Implemented enhancements:

  • Enabled more golden table tests #301

Fixed bugs:

  • Allow kernel to read tables with invalid _last_checkpoint #311
  • List log files with checkpoint hint when constructing latest snapshot (when version requested is None) #312
  • Fix incorrect offset value when computing list offsets #327
  • Fix metadata string conversion in default engine arrow conversion #328

v0.3.0 (2024-08-07)

Full Changelog

API Changes

Breaking

  1. delta_kernel::column_mapping module moved to delta_kernel::features::column_mapping #222

Additions

  1. New deletion vector API row_indexes (and accompanying FFI) to get row indexes instead of seletion vector of deleted rows. This can be more efficient for sparse DVs. #215
  2. Typed table features: ReaderFeatures, WriterFeatures enums and has_reader_feature/has_writer_feature API #222

Implemented enhancements:

  • Add --limit option to example read-table-multi-threaded #297
  • FFI now built with cmake. Move to using the read-test example as an ffi-test. And building on macos. #288
  • Golden table tests migrated from delta-spark/delta-kernel java #295
  • Code coverage implemented via cargo-llvm-cov and reported with codecov #287
  • All tests enabled to run in CI #284
  • Updated DAT to 0.3 #290

Fixed bugs:

  • Evaluate timestamps as "UTC" instead of "+00:00" for timezone #295
  • Make Map arrow type field naming consistent with parquet field naming #299

v0.2.0 (2024-07-17)

Full Changelog

API Changes

Breaking

  1. The scan callback if using visit_scan_files now takes an extra Option<Stats> argument, holding top level stats for associated scan file. You will need to add this argument to your callback.

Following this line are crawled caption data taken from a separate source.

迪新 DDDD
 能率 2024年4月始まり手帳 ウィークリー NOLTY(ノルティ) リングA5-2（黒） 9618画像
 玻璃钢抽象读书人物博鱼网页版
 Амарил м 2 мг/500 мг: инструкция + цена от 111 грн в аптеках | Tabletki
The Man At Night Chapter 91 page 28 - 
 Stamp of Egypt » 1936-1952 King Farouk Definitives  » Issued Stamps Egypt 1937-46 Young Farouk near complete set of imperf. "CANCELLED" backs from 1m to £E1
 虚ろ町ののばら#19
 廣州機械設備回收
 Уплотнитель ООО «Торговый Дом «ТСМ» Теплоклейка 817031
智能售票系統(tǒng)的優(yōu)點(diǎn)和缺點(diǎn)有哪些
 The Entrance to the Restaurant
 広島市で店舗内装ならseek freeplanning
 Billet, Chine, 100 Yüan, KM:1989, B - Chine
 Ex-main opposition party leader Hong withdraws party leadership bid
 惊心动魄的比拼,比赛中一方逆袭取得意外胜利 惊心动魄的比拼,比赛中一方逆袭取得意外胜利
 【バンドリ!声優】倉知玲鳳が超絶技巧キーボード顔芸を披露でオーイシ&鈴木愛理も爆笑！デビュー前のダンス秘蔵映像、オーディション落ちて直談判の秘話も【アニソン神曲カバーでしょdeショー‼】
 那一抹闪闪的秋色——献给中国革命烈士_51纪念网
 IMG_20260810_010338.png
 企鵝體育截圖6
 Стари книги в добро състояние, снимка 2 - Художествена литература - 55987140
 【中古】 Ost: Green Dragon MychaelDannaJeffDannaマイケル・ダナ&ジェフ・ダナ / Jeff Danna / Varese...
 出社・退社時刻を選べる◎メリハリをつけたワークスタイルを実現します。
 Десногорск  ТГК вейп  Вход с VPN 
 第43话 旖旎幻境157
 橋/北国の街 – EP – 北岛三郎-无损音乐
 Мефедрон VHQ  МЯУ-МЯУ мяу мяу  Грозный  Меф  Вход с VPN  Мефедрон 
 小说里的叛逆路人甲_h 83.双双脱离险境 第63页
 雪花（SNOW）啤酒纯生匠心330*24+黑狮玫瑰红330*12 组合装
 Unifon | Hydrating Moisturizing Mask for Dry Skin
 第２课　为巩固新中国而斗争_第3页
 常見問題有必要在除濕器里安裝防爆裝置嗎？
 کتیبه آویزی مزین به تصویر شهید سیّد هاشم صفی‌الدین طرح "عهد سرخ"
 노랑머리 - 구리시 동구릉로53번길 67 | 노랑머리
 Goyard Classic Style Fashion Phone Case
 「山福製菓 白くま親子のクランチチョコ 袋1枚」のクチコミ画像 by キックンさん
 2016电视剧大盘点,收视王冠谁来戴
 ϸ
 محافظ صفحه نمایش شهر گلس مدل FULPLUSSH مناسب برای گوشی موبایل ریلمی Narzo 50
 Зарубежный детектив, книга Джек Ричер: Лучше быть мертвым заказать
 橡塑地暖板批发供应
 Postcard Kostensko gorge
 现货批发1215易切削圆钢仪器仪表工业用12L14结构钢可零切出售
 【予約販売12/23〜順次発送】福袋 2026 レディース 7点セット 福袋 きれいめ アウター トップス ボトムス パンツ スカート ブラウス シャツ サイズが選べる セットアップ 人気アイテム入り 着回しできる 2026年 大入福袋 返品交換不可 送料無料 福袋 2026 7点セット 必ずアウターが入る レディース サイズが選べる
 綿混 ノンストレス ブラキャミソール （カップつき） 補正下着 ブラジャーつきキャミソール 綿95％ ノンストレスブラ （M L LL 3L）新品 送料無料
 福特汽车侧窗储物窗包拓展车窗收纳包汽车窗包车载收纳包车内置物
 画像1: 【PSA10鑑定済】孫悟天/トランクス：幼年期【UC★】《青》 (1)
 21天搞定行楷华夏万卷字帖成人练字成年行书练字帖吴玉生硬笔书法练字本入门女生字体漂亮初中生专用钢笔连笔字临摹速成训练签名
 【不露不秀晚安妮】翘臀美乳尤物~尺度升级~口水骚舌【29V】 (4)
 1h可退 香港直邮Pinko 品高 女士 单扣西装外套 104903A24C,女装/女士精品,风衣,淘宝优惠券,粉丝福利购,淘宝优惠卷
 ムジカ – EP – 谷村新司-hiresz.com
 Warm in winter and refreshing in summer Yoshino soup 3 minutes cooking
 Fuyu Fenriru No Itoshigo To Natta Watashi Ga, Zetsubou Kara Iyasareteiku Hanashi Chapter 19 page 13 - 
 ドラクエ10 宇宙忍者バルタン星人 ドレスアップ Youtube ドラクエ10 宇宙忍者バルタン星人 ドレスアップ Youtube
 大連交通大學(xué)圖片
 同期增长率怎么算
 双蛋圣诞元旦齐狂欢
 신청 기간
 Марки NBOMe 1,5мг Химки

    Likewise, the callback in the ffi code also needs to take a new argument which is a pointer to a Stats struct, and which can be null if no stats are present.

Additions

  1. You can call scan_builder() directly on a snapshot, for more convenience.
  2. You can pass a URL starting with "hdfs" or "viewfs" to the default client to read using hdfs_native_store

Implemented enhancements:

  • Handle nested structs in schemaString (allows reading iceberg compat tables) #257
  • Expose top level stats in scans #227
  • Hugely expanded C-FFI example #203
  • Add scan_builder function to Snapshot #273
  • Add hdfs_native_store support #273
  • Proper reading of Parquet files, including only reading requested leaves, type casting, and reordering #271
  • Allow building the package if you are behind an https proxy #282

Fixed bugs:

  • Don't error if more fields exist than expected in a struct expression #267
  • Handle cases where the deletion vector length is less than the total number of rows in the chunk #276
  • Fix partition map indexing if column mapping is in effect #278

v0.1.1 (2024-06-03)

Full Changelog

Implemented enhancements:

  • Support unary NOT and IsNull for data skipping #231
  • Add unary visitors to c ffi #247
  • Minor other QOL improvements

v0.1.0 (2024-06-12)

Initial public release